Marion Peck’s first solo show in New York, entitled Ladies & Clowns, is currently on view at Sloan Fine Art on Rivington Street. While the exhibition’s title isn’t the most subtle, it’s a good indicator for what you’re getting into with Marion Peck’s new paintings. The darkly comedic renderings of jovially surrealist scenes, including lederhosen -donning peasants dancing and art history referencing portraits of ladies, are both whimsical and highly disturbing. If you’re one of the many Americans who list clowns high atop your list of fears, then you’ll surely feel a chill down your spine seeing Peck’s sad clowns wandering around Northern Renaissance-invoking landscapes or frowning pie-eyed in portraits. Ladies & Clowns is on view through June 13th.

Marion Peck earned her BFA from the Rhode Island School of Design and did MFA studies at Syracuse University in New York and Temple University in Rome, Italy. Her work has been exhibited internationally, including at La Luz de Jesus Gallery in Los Angeles, Mondo Bizzarro Gallery in Rome, Galerie de Magda Danysz in Paris and Davidson Galleries in Seattle. She currently lives in Eagle Rock, CA.

Jeff Jamieson

Jeff-Jamieson 1.jpg

On view at David Patton Gallery in Los Angeles until May 30, is Jeff Jamieson’s latest exhibition, Sculpture. This marks the second solo show at the gallery for the San Luis Obispo based artist. Both Jamieson’s history and the history of sculpture are visually present in the works, reminding the viewer of the importance of the past.

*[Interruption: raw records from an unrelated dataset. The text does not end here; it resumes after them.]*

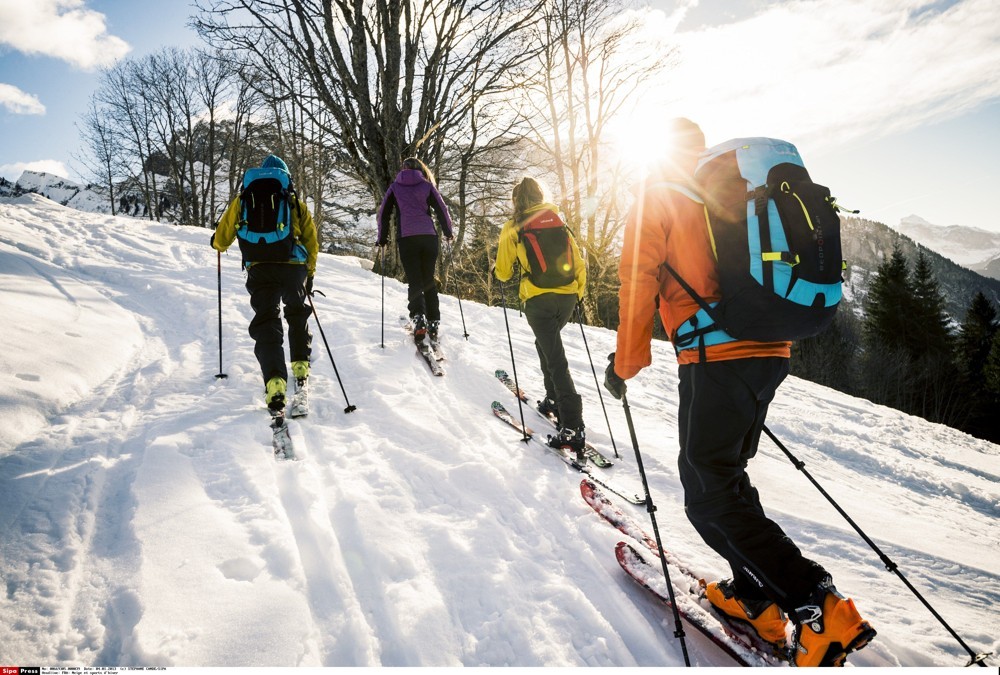 Ski touring: our answers to the questions you asked us the most!	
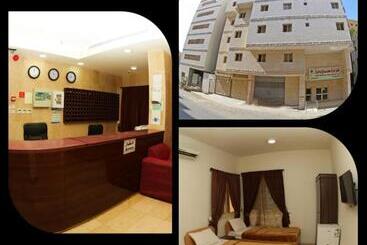 فندق حارث محمد صالح باحارث القشله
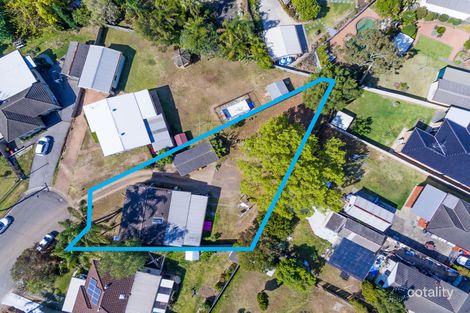 Property photo of 6 Cranney Place Lalor Park NSW 2147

Opposing forces are at work, the artist juxtaposes the unique attitude of West Coast art with that of the East Coast. Jamieson currently lives and works in California, but was once an assistant to Donald Judd and a maker of Judd furniture. Together, these experiences have shaped his approach and method. The presentation of these clean-lined sculptures resting on the floor recalls that of Judd’s later, renowned minimalist work. Jamieson’s choice of material includes wood and metals like the minimalists, but departs in his choice of color, employing intense blues and yellows. Minimalism sought to present forms as a whole, or unit, while these pieces suggest the human form, and emphasize its parts. The artist’s process intentionally reveals a hand-made quality, without drawing attention to the fact. The pieces are situated in a manner that urges the viewer to investigate the surrounding space, and ultimately themselves.